━━ Given data ━━
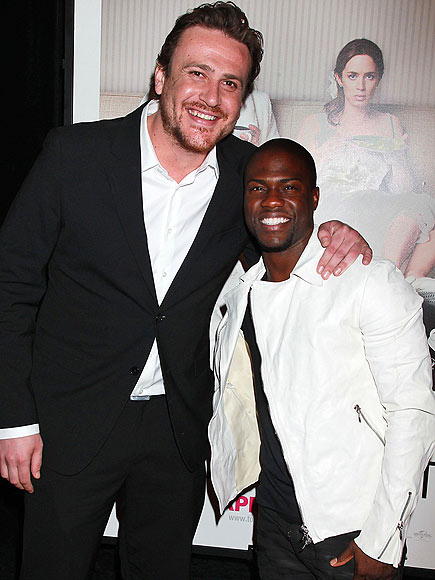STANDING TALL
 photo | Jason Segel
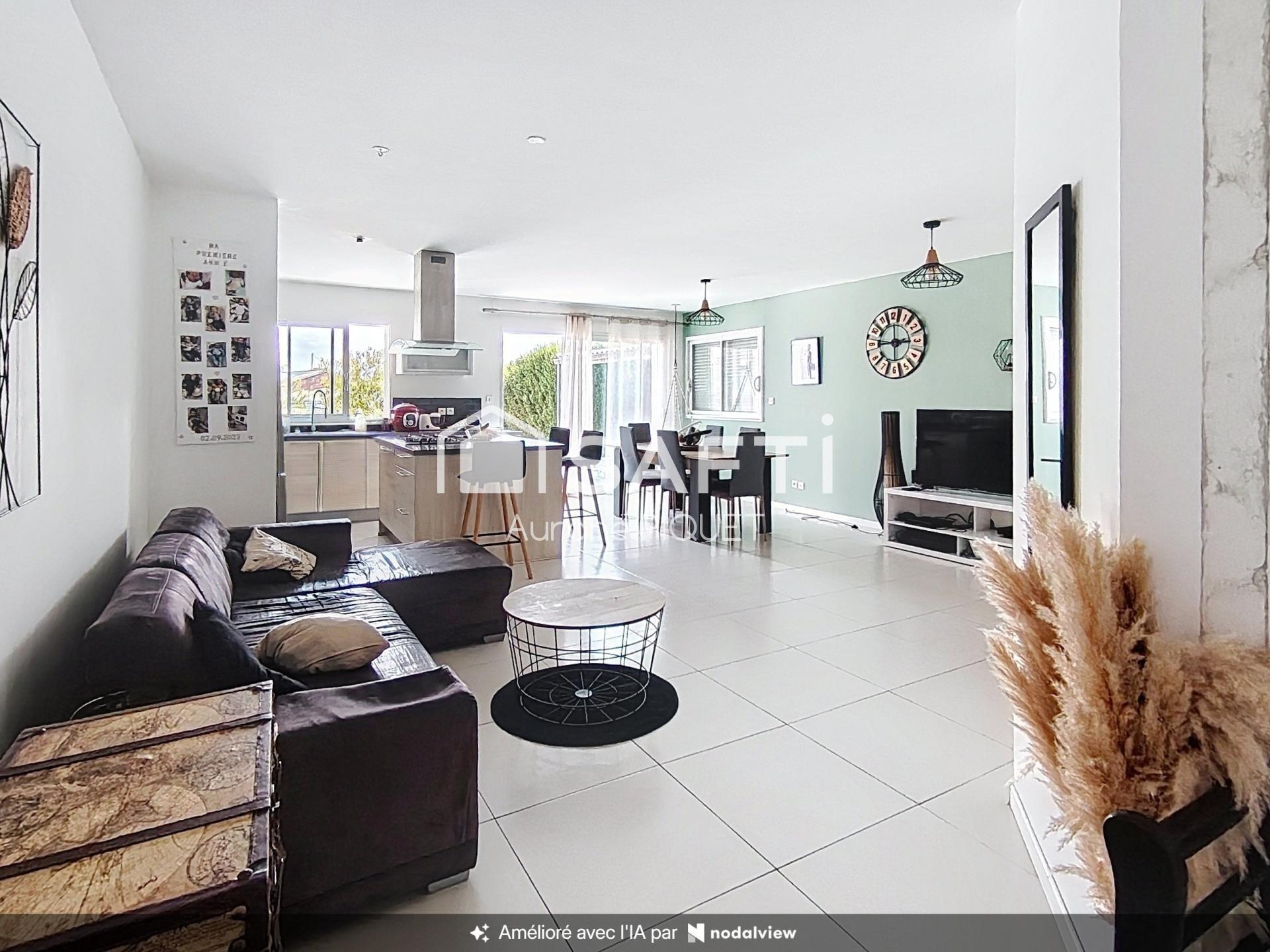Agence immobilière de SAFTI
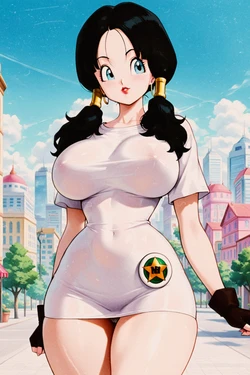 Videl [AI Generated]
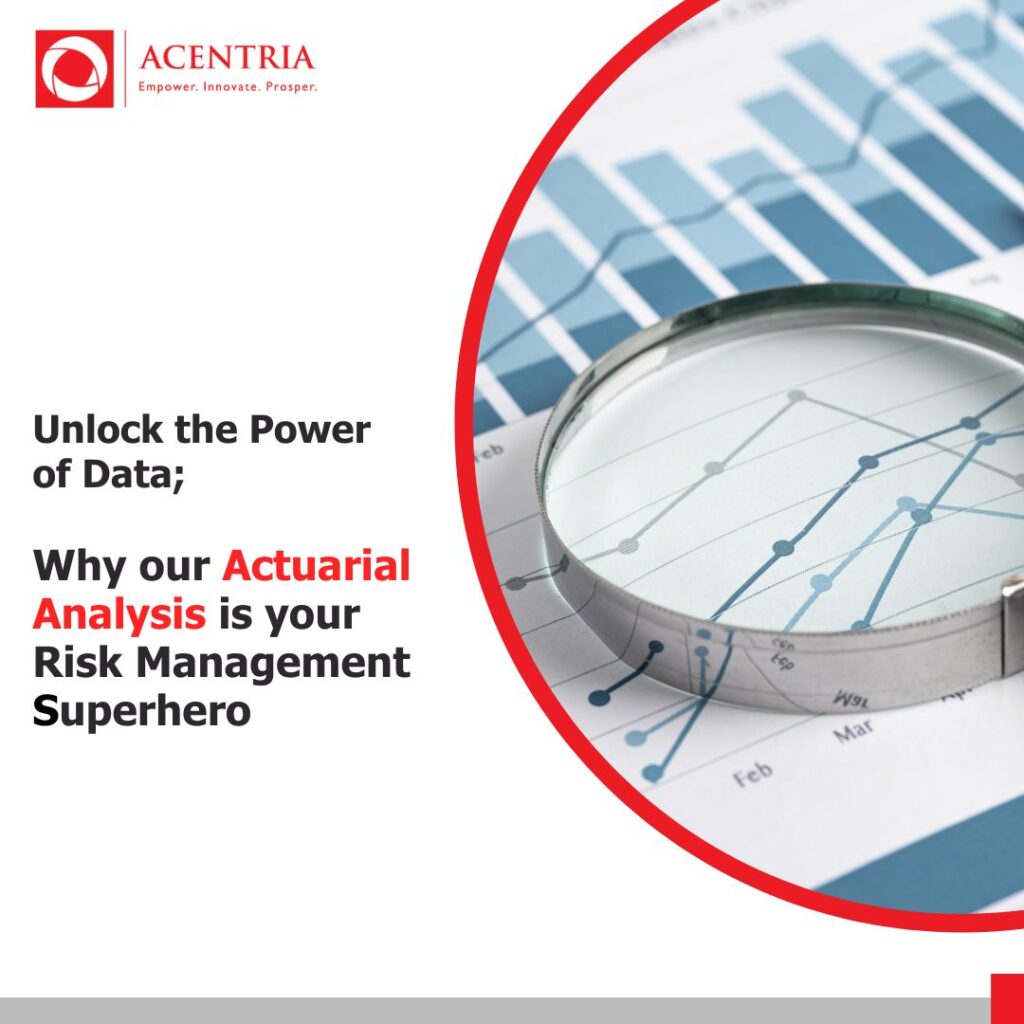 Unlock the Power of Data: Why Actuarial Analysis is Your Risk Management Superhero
━━━
Task goal |
Pictures stay out of the copy. Reproduce exactly the lines from the one containing "Agence immobilière de SAFTI" through the last line of the records above, both included.

Answer to this exercise |
Agence immobilière de SAFTI
 Videl [AI Generated]
 Unlock the Power of Data: Why Actuarial Analysis is Your Risk Management Superhero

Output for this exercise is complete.